* **Material to process**
- - - - -

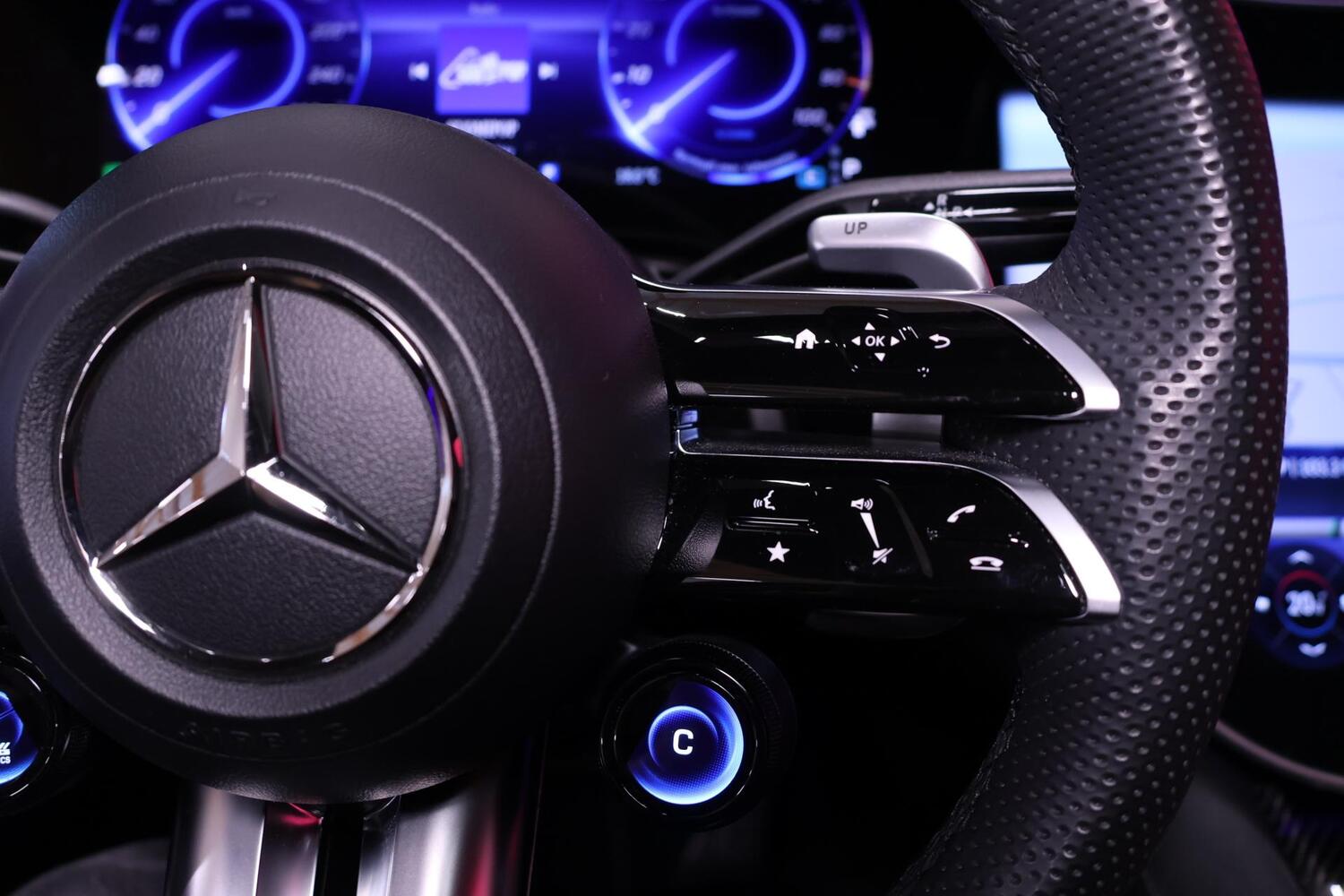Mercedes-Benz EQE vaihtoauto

- - - - -

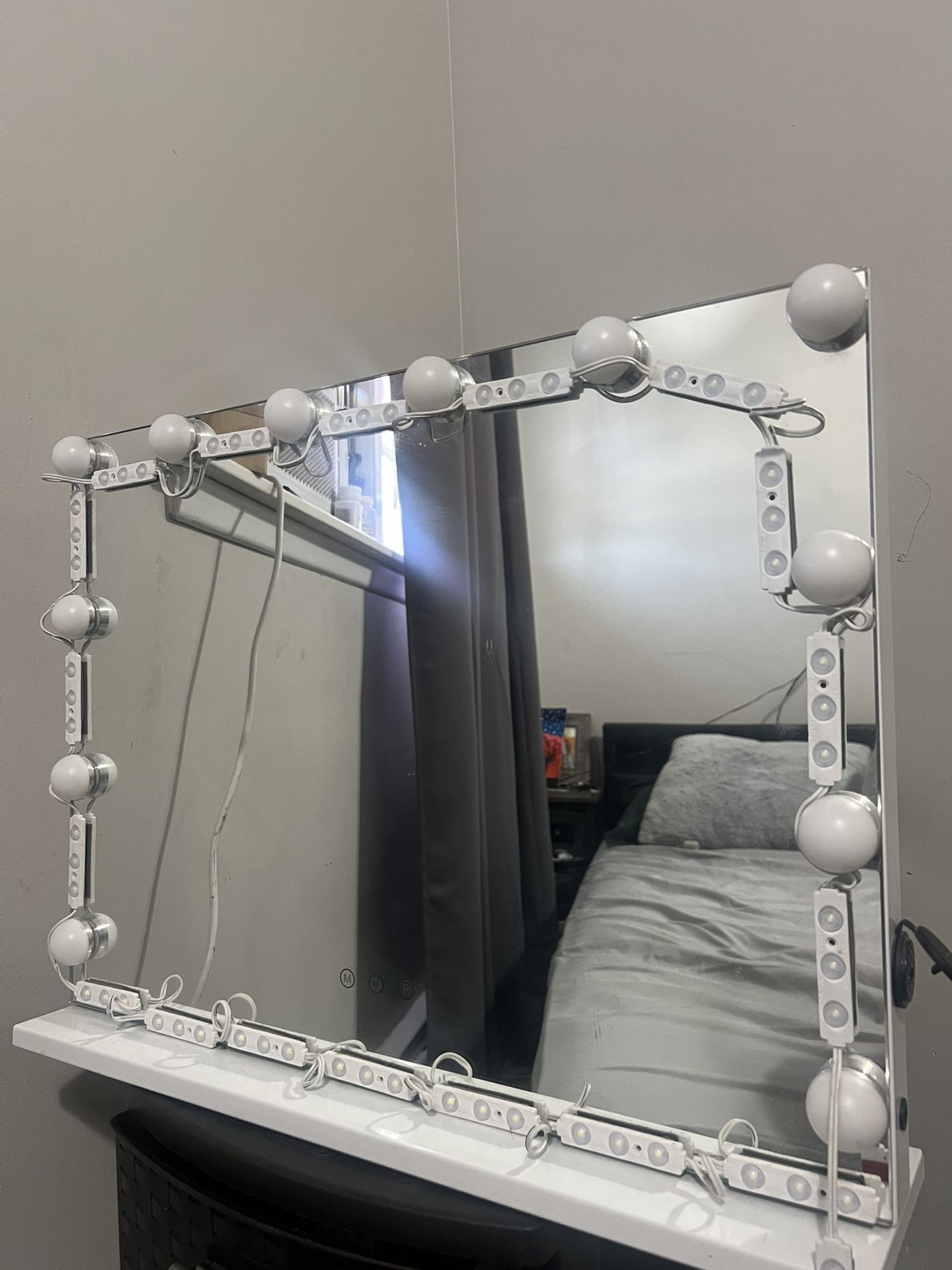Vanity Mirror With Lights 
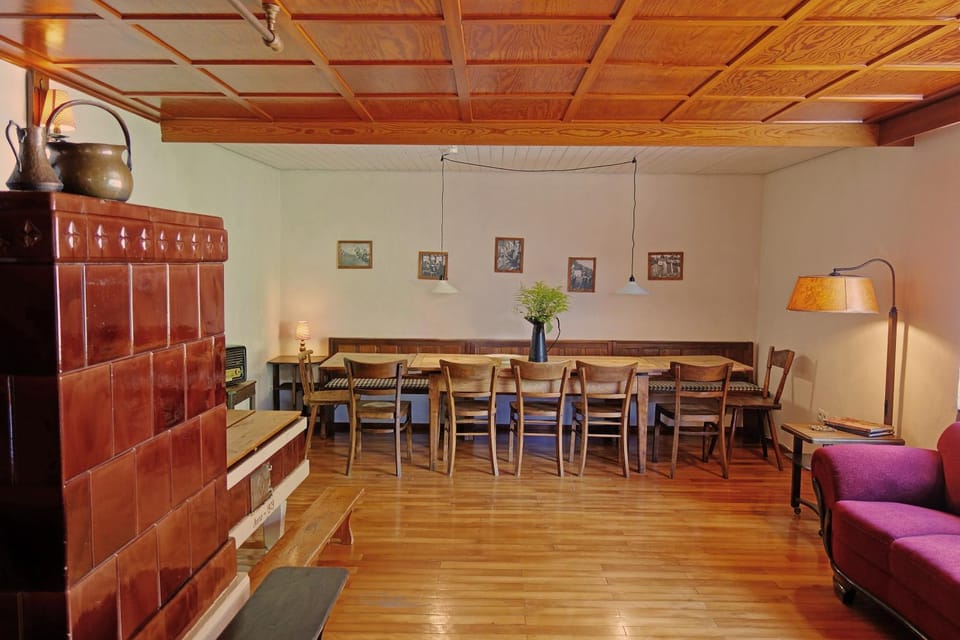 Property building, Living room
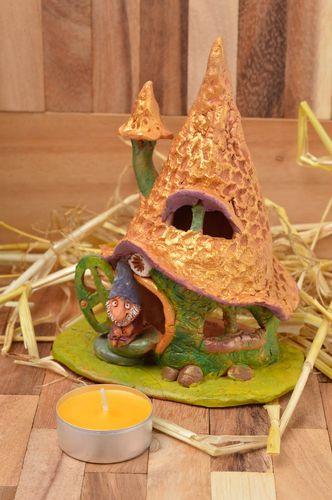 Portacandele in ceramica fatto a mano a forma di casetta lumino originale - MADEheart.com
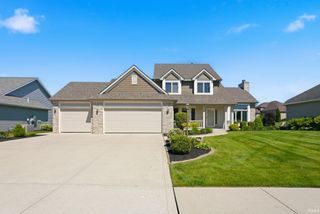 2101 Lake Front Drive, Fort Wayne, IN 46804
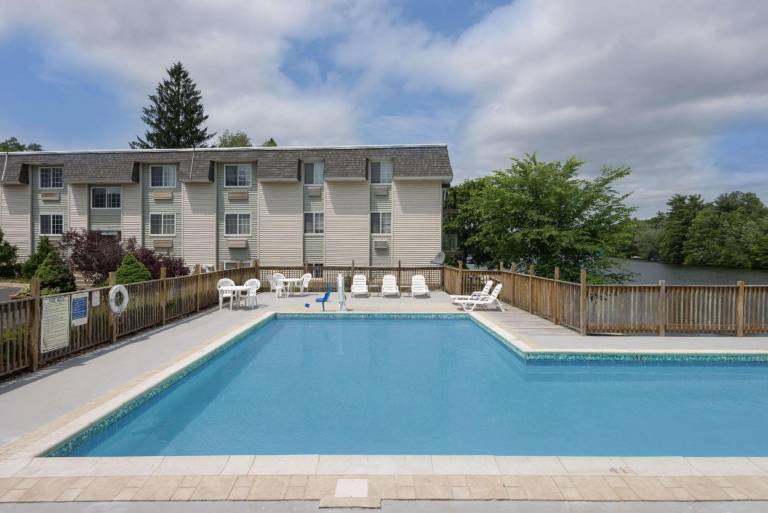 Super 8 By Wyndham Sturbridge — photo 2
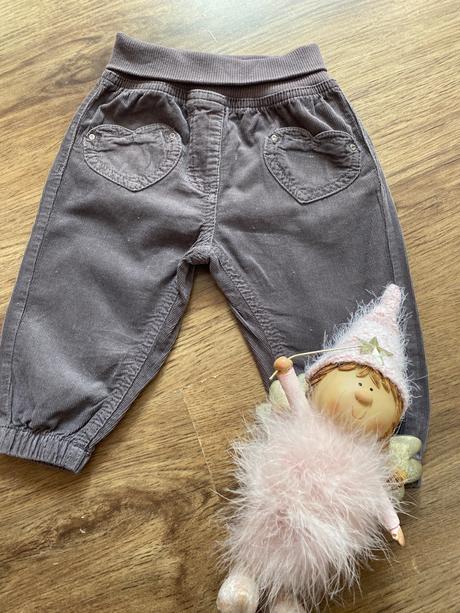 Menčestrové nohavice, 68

- - - - -

* **Task directions**
Exact repeat of the material above: every line from the one with "Property building, Living room" through the one with "Menčestrové nohavice, 68", endpoints included, and nothing more. No pictures.

* **Answer section**
 Property building, Living room
 Portacandele in ceramica fatto a mano a forma di casetta lumino originale - MADEheart.com
 2101 Lake Front Drive, Fort Wayne, IN 46804
 Super 8 By Wyndham Sturbridge — photo 2
 Menčestrové nohavice, 68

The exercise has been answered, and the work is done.